E, com isso, temos como resultado uma trama em que Beau enfrenta tudo aquilo que o traumatizou: desde a vida lá fora, passando por relacionamentos até chegar na relação com a mãe. Oras, o que seria o monstro-pai-pênis senão uma representação do Complexo de Édipo na mente do personagem, guardado no sótão -- a parte mais escondida da cabeça de Beau? Ele quis suprimir aquilo tudo, guardando ali até mesmo uma versão de si mesmo, mas não conseguiu. A mão, no final das contas, o obrigou a confrontar esses elementos todos no ato final.
A sexualidade de Beau foi reprimida, assim como seu contato social. Tudo está no inconsciente, na parte escura da mente. E no final, quando há o tal julgamento, é novamente a imaginação de Beau mostrando que a mãe, rica e poderosa, o esmagaria no tribunal, viraria seu barco, seus sonhos e sua imaginação. Lembra a cena da criança, bem no começo, brincando com um barco de brinquedo? A mãe o puxa ferozmente e o barquinho vira. É isso que acontece na vida de Beau.

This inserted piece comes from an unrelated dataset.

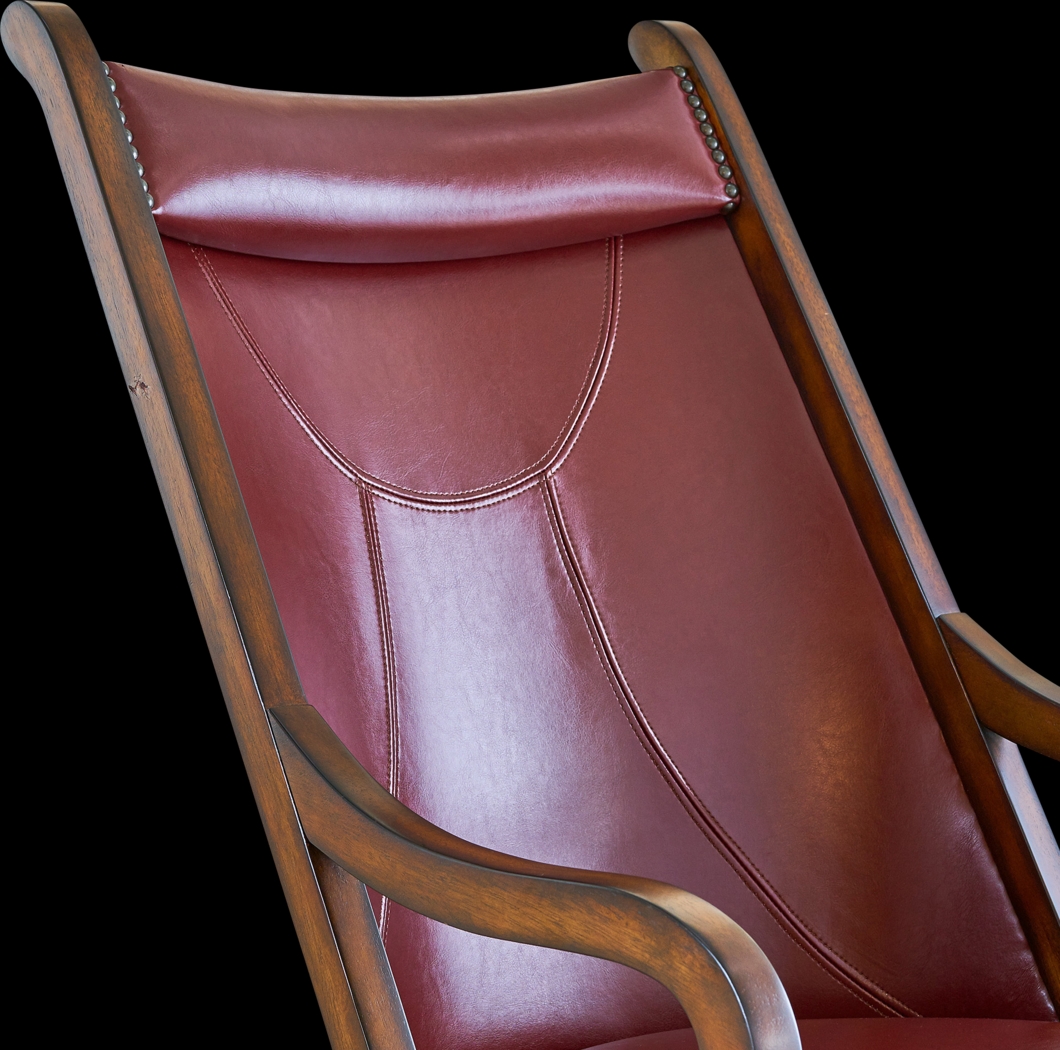 Chanticleer Red Accent Chair & Ottoman - Thumbnail - Image 9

O único momento lúdico do filme, e importantíssimo, é a animação que acontece após a peça de teatro. É o sonho dentro do pesadelo. Beau imagina o que teria acontecido com sua vida se tudo tivesse dado certo, se tivesse rompido as amarras da mãe, se tivesse tido suas próprias vontades. Obviamente ele cai em desgraça, já que nunca ele conseguirá se ver como alguém com sucesso. Mas é uma forma dele enxergar pelo buraco da fechadura que nunca existiu.